Exercises: Python Tools for Soccer Analytics

These exercises build practical Python skills through soccer-specific applications. Complete them in order, as later exercises build on earlier concepts.

Difficulty Levels: - ⭐ Foundational (5-10 min each) - ⭐⭐ Intermediate (10-20 min each) - ⭐⭐⭐ Challenging (20-40 min each) - ⭐⭐⭐⭐ Advanced/Project (40+ min each)

Part A: pandas Fundamentals ⭐

A.1. Create a DataFrame from the following match data:

matches = [
    {'match_id': 1, 'home': 'Arsenal', 'away': 'Chelsea', 'home_goals': 2, 'away_goals': 1},
    {'match_id': 2, 'home': 'Liverpool', 'away': 'Man City', 'home_goals': 1, 'away_goals': 1},
    {'match_id': 3, 'home': 'Tottenham', 'away': 'Arsenal', 'home_goals': 0, 'away_goals': 3},
    {'match_id': 4, 'home': 'Chelsea', 'away': 'Liverpool', 'home_goals': 2, 'away_goals': 2},
    {'match_id': 5, 'home': 'Man City', 'away': 'Tottenham', 'home_goals': 4, 'away_goals': 0},
]

a) Print the shape and column names b) Calculate the total goals in each match (new column) c) Filter to only high-scoring matches (4+ total goals)

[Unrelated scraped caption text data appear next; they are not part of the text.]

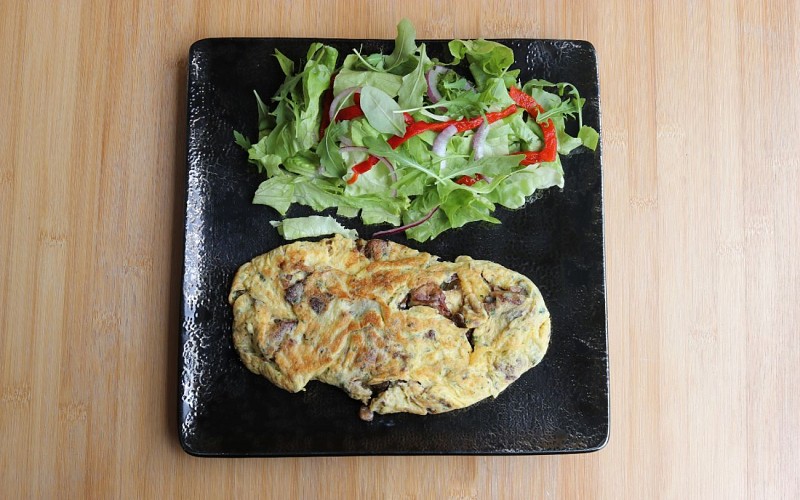 Omelette aux cèpes 1440x900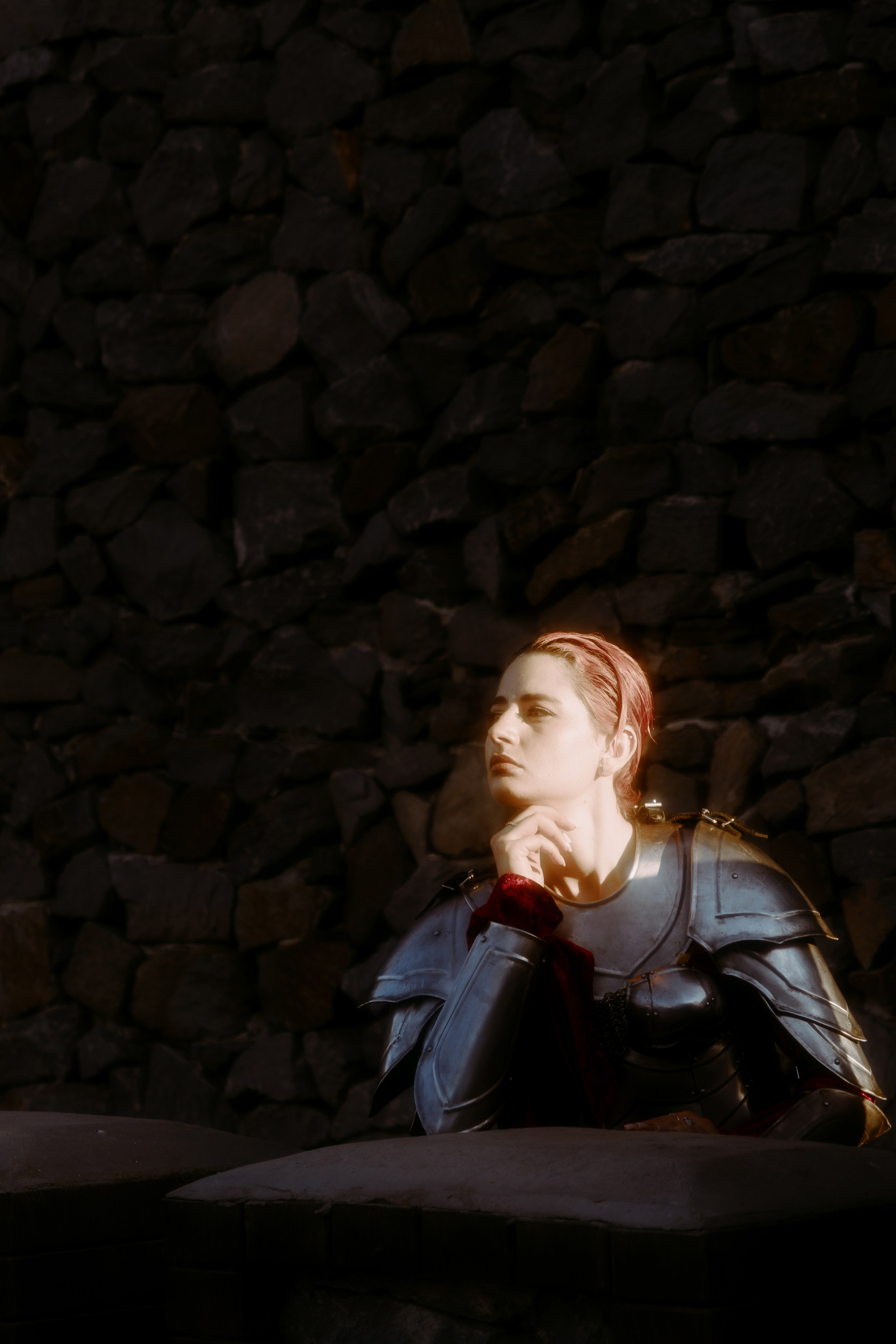 Портрет от лучей солнца девушки рыцаря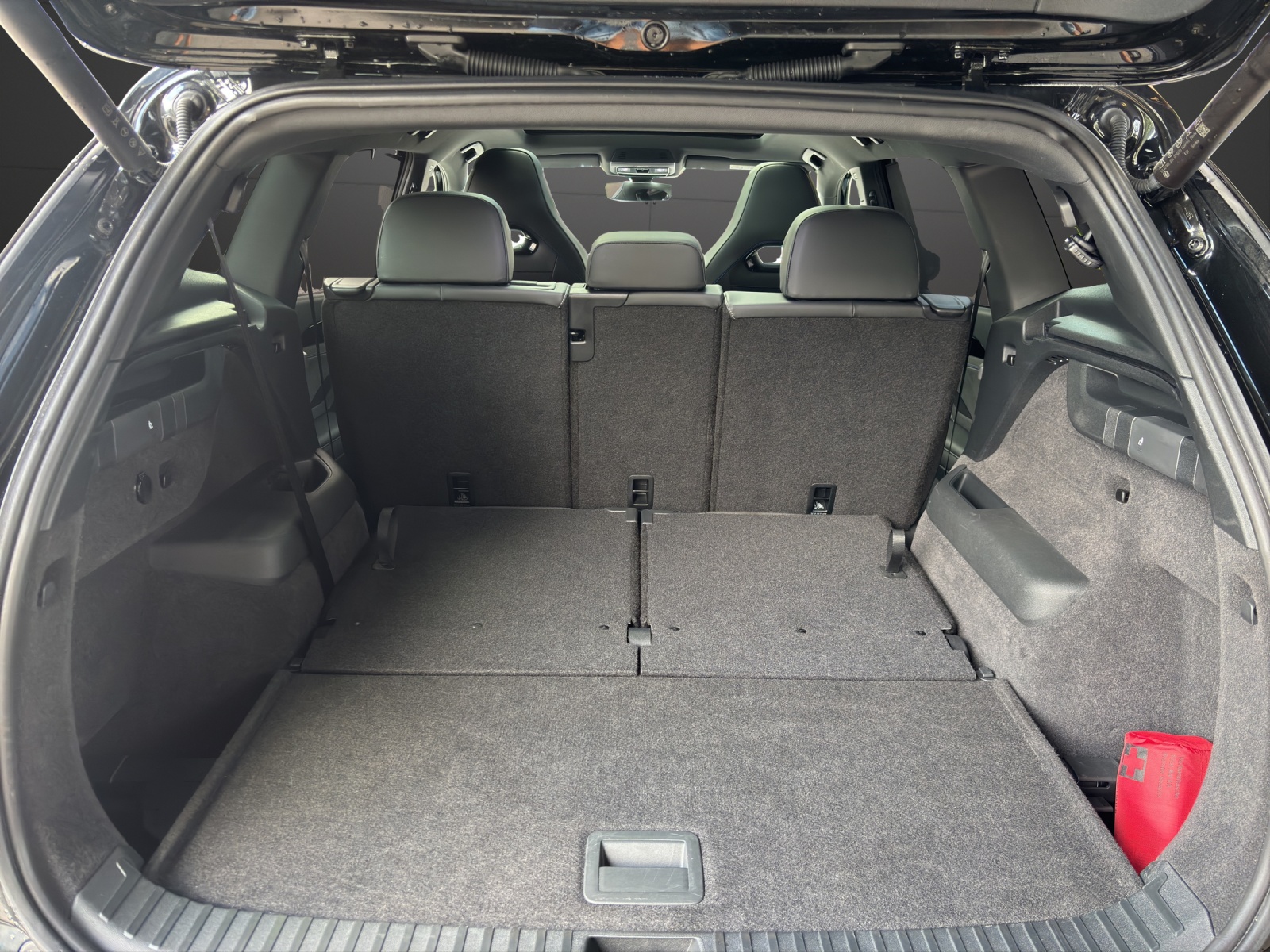VW Tayron 2.0 TDI SCR R-Line 4Motion DSG-image-13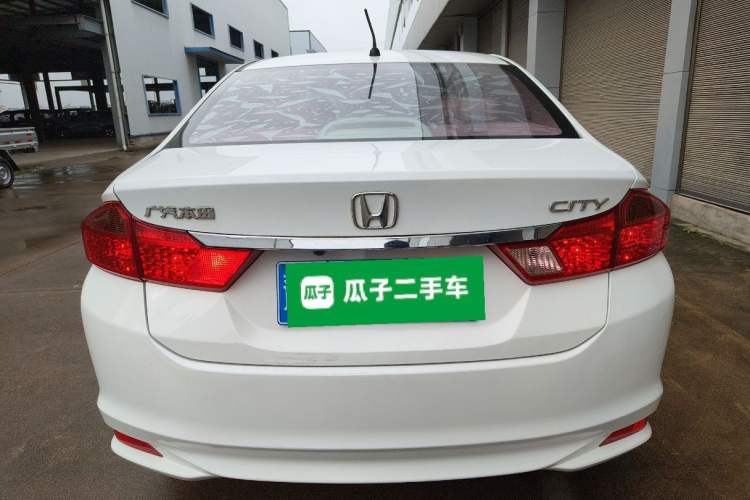 Used Honda City 2017 1.5L manual Comfort version Exterior 4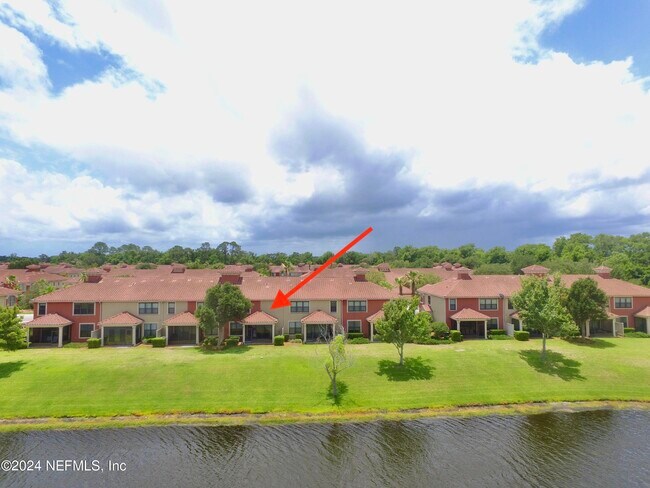 Foto del edificio - 13521 Montecito Pl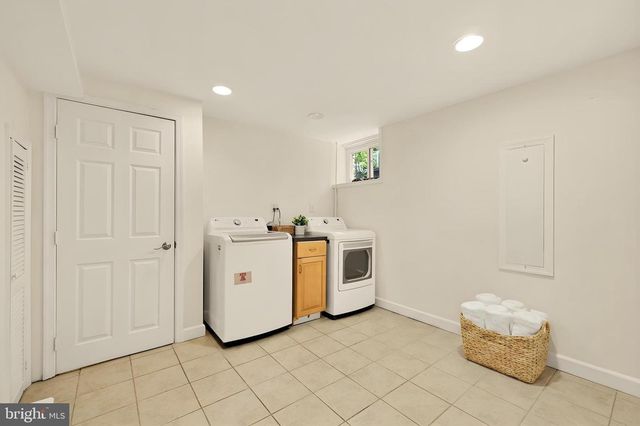 9409 WOODLAND DR, Silver Spring, MD 20910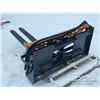Image 4 : LANDHONOR 48 IN. SKID STEER HYD. PALLET FORKS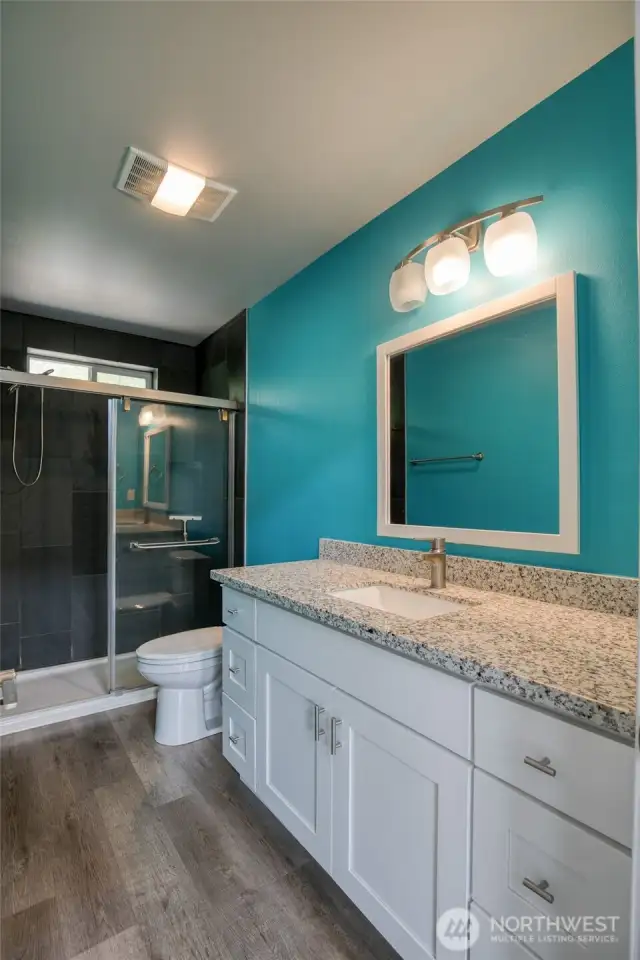Bathroom w/ Tiled Step-in Shower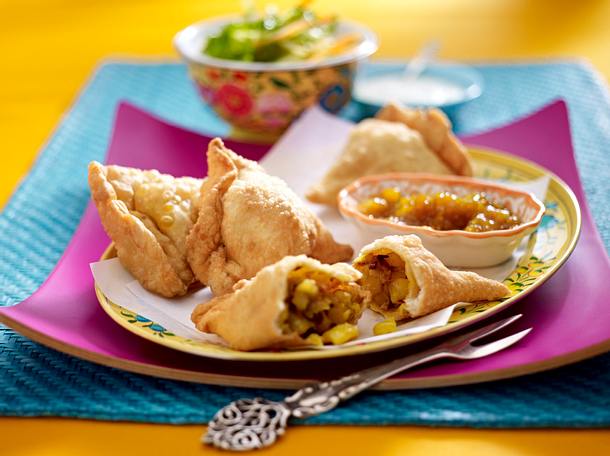 Samosas (Gefüllte Teigtaschen) Rezept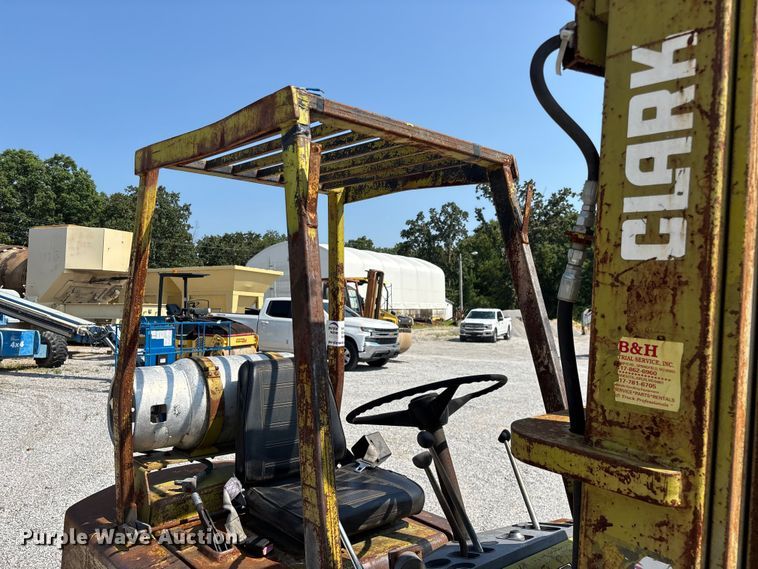 image for item FG0550 Clark C500-50 forklift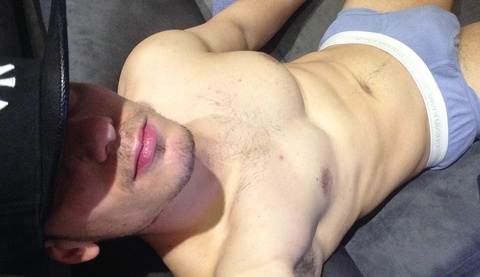 Immagine di copertina OnlyFans doods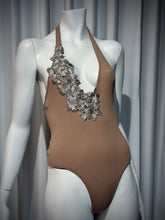 Cargar imagen en el visor de la galería, Nude Bodysuit with differents appliqué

A.2. Using the DataFrame from A.1:

a) Add columns for home points and away points (3 for win, 1 for draw, 0 for loss) b) Find all matches where Arsenal played (home or away) c) Calculate the average goals per match

A.3. Load the StatsBomb World Cup 2018 matches:

from statsbombpy import sb
matches = sb.matches(competition_id=43, season_id=3)

a) How many matches are in the dataset? b) What columns are available? c) Which team scored the most total goals as home team? d) Find all matches that went to extra time or penalties

A.4. Using the matches from A.3:

a) Create a new DataFrame with only: match_id, home_team, away_team, home_score, away_score b) Add a 'result' column: 'H' for home win, 'D' for draw, 'A' for away win c) What percentage of matches were home wins, draws, and away wins?

Part B: Data Filtering and Selection ⭐

B.1. Load events for the World Cup Final (match_id=7298):

events = sb.events(match_id=7298)

a) How many events are in the match? b) What unique event types exist? c) Filter to only shots—how many were there? d) Which player had the most passes?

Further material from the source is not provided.